Leave out the pictures and print the rest of the entries exactly as they stand.

- - - - - - -

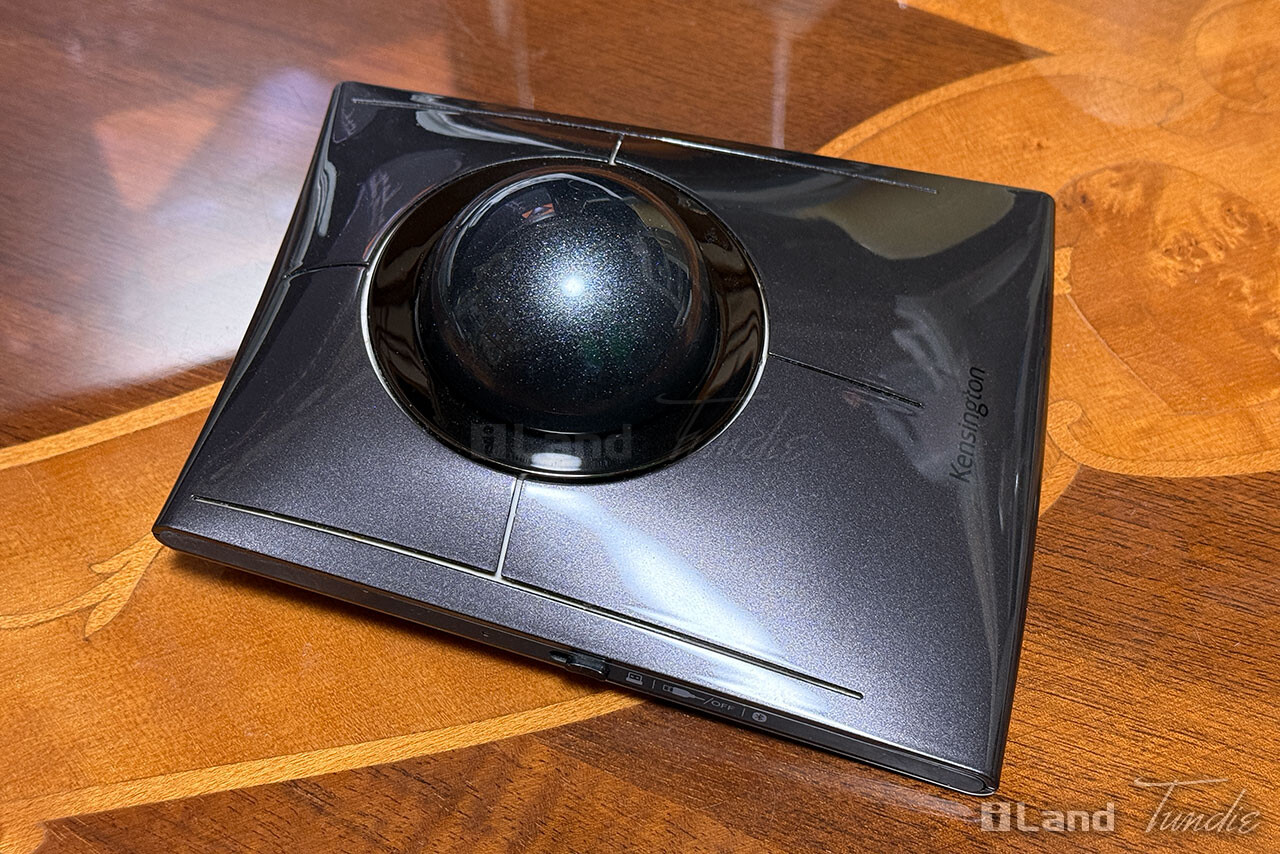 無線化した大玉トラックボール「Kensington SlimBlade Pro」実機 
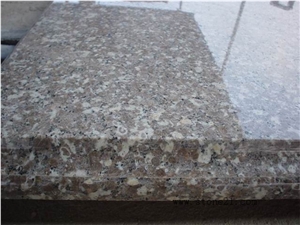 Top Quality G648 Countertops, Chinese Stone Golden Brown Granite Bench Tops
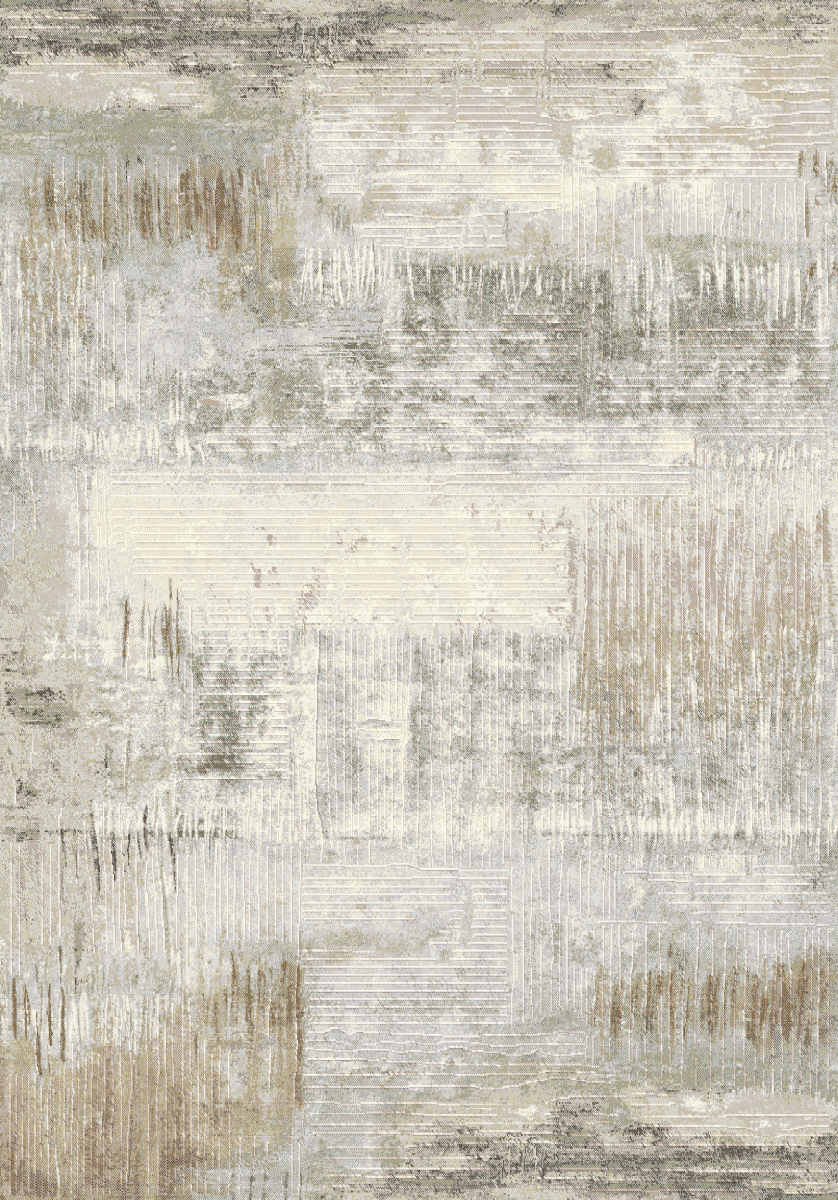 Webteppich Exellenza Creme-Beige-Braun 160 x 230 cm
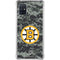 NHL Boston Bruins Camo Galaxy A51 5G Clear Case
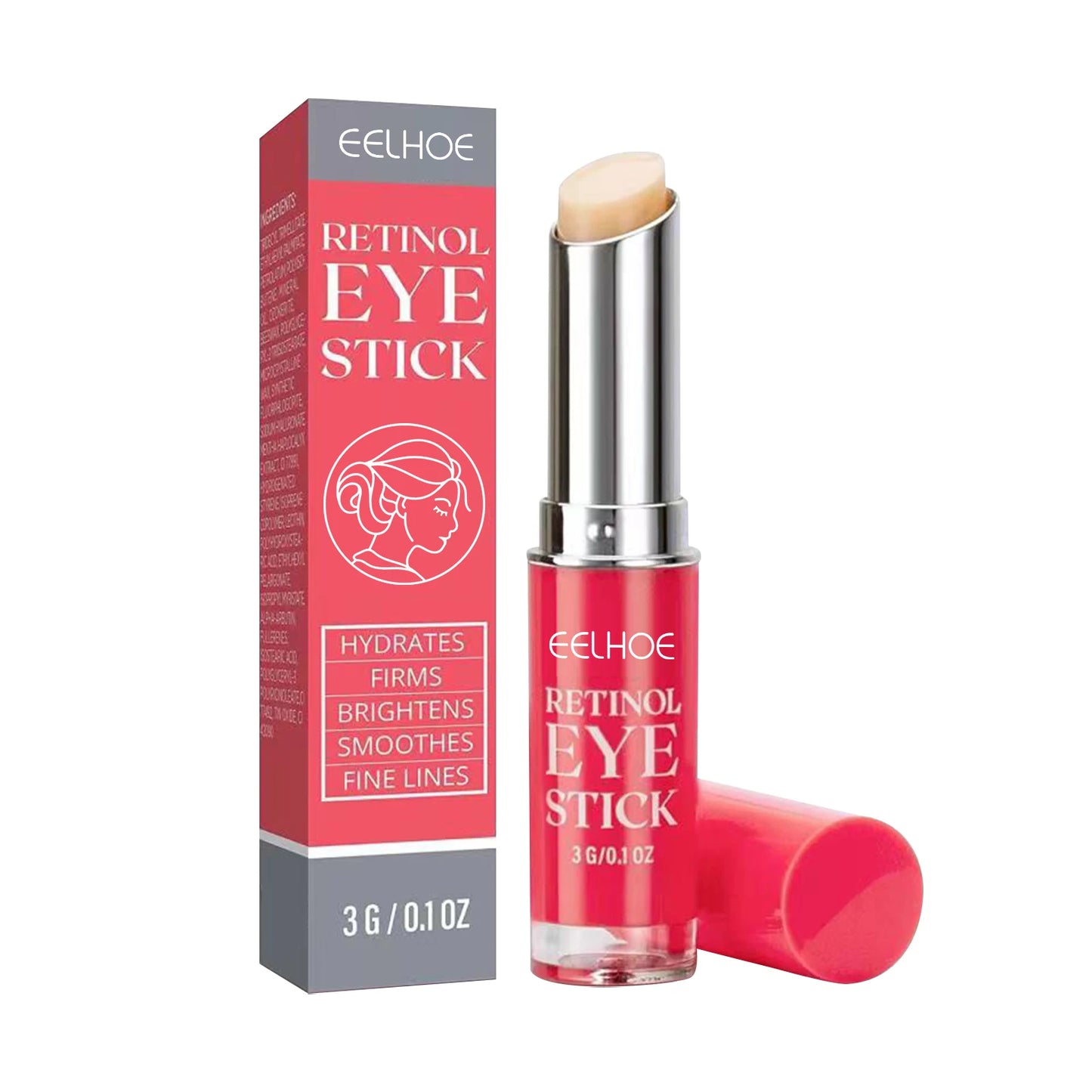 Retinol Eye Cream Stick Lightening Dark Circles Anti-Puffiness Smooth Brightening Moisturizing Firming Under Eye Treatment Care Pi-Mart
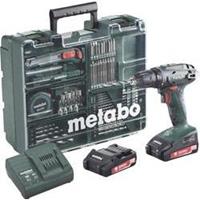 18V Akku Bohrschrauber BS 18 Set | 2x 2.0Ah Akkusinkl. Werkzeugsatz - METABO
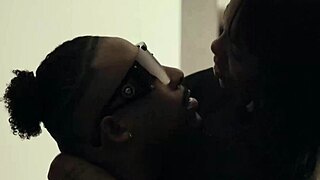 A man engages in intimate activity with his wife while another watches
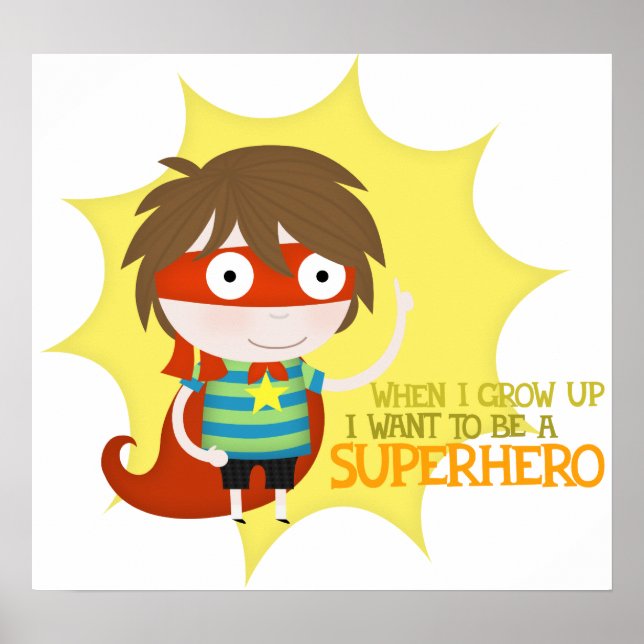 Affiche Futur super-héros (grand poster) (Devant)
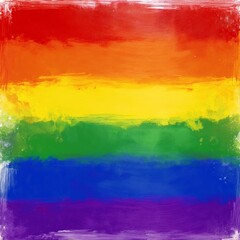 creative border frame illustration of abstract rainbow background wallpaper gay pride LGBT flag banner with space for copy background, graphic resource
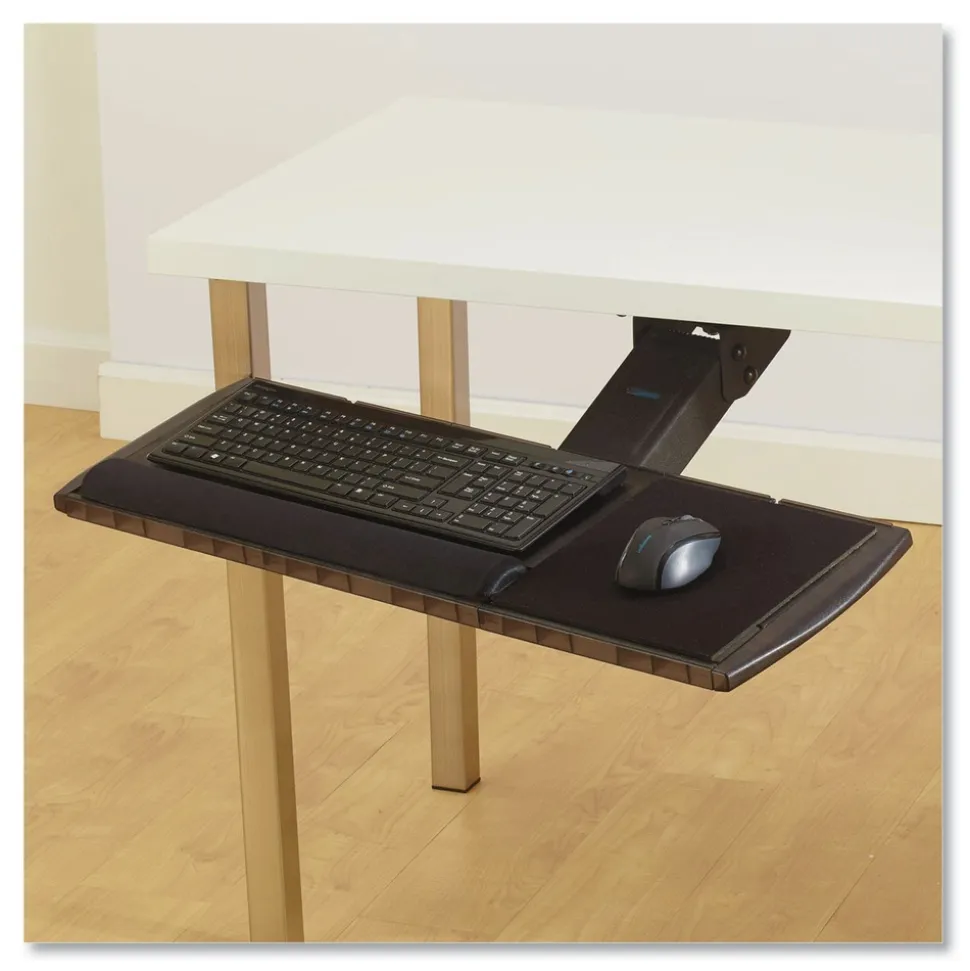 Kensington 21.25 in. x 10 in. Adjustable Keyboard Platform with SmartFit System - Black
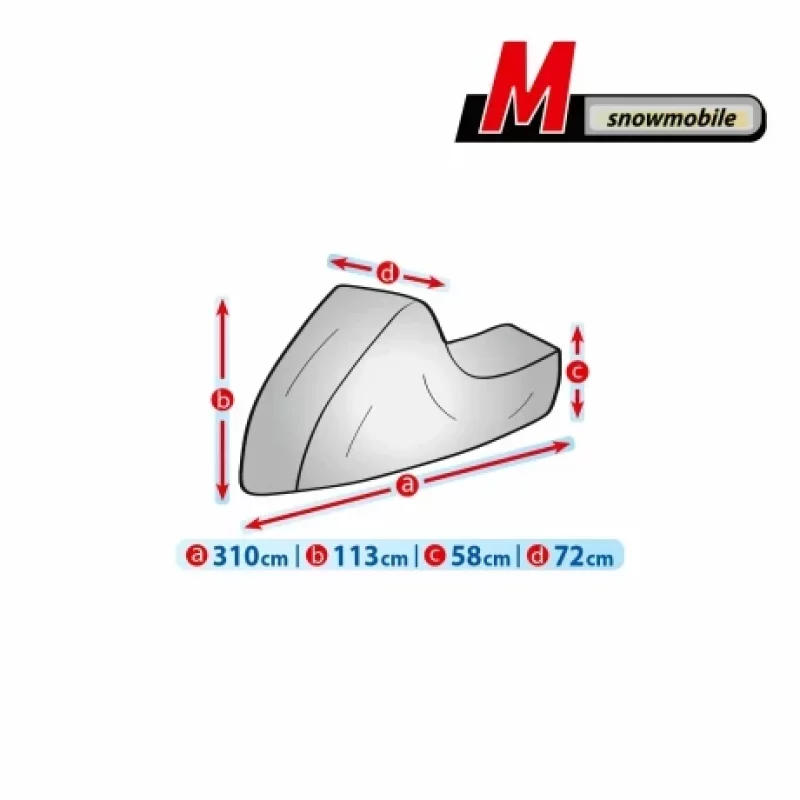 Prelată pentru snowmobil Mobile Garage M, impermeabilă, 310x72x113 cm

- - - - - - -

WRITTEN ANSWER =
 無線化した大玉トラックボール「Kensington SlimBlade Pro」実機 
 Top Quality G648 Countertops, Chinese Stone Golden Brown Granite Bench Tops
 Webteppich Exellenza Creme-Beige-Braun 160 x 230 cm
 NHL Boston Bruins Camo Galaxy A51 5G Clear Case
 Retinol Eye Cream Stick Lightening Dark Circles Anti-Puffiness Smooth Brightening Moisturizing Firming Under Eye Treatment Care Pi-Mart
 18V Akku Bohrschrauber BS 18 Set | 2x 2.0Ah Akkusinkl. Werkzeugsatz - METABO
 A man engages in intimate activity with his wife while another watches
 Affiche Futur super-héros (grand poster) (Devant)
 creative border frame illustration of abstract rainbow background wallpaper gay pride LGBT flag banner with space for copy background, graphic resource
 Kensington 21.25 in. x 10 in. Adjustable Keyboard Platform with SmartFit System - Black
 Prelată pentru snowmobil Mobile Garage M, impermeabilă, 310x72x113 cm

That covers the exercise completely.